After thieves break into his seemingly idyllic suburban home, Hutch (Bob Odenkirk) opts not to resort to violence to rid the home of the intruders. This disappoints his teenage son, Blake (Gage Monroe), who views him as a coward. Afterward, Hutch and his wife, Becca (Connie Nielsen), begin to grow even further apart. Now, simmering with his checked rage, Hutch is again put in another brutal situation when the bus he takes every day to work is commandeered by a group of weapon-brandishing thugs who threaten all aboard. This triggers something within Hutch and the aforementioned skills come into play. Of course, this is not the end of the story as one of the individuals that Hutch has taken down, though not killed, is related to a Russian mobster (played by Aleksey Serebryakov) which leads to an assault on his family that Hutch must prevent.

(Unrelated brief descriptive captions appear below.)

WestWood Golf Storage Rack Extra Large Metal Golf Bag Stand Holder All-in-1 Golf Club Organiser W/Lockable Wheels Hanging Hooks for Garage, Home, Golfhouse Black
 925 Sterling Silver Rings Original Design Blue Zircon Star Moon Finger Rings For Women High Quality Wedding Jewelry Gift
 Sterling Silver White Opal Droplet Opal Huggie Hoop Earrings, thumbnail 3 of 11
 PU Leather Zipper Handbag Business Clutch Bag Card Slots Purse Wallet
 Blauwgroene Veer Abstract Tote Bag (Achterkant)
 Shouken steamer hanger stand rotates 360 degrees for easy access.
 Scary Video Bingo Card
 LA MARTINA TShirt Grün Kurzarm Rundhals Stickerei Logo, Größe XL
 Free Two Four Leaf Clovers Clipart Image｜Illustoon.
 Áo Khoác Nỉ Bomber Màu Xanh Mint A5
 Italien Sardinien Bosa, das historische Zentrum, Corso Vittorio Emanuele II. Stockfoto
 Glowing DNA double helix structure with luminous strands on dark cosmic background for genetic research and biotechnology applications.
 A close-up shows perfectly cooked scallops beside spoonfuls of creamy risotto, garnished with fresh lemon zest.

Director Ilya Naishuller, whose kitschy Hardcore Henry (2015) showcased a wide-array of action tropes crammed into a small first-person perspective package, does an admirable job with the predictable story that he is given by the scribe of the “John Wick” films, Derek Kolstad. But the real winning move that Nobody makes is with the casting of Odenkirk. The Better Call Saul (2015-2022) star is pitch perfect as the everyman killing machine pushed just a little too far. Also along for a share of the fun and carnage is Christopher Lloyd as Hutch’s father, who helps make the third act the film’s tour de force.
While it may hit all of the tropes of the typical action film, especially those of the ilk from which it is derived, Nobody delivers an enthralling tale of survival and solidifies Bob Odenkirk as a respectable action hero the way Die Hard (1988) did for Bruce Willis.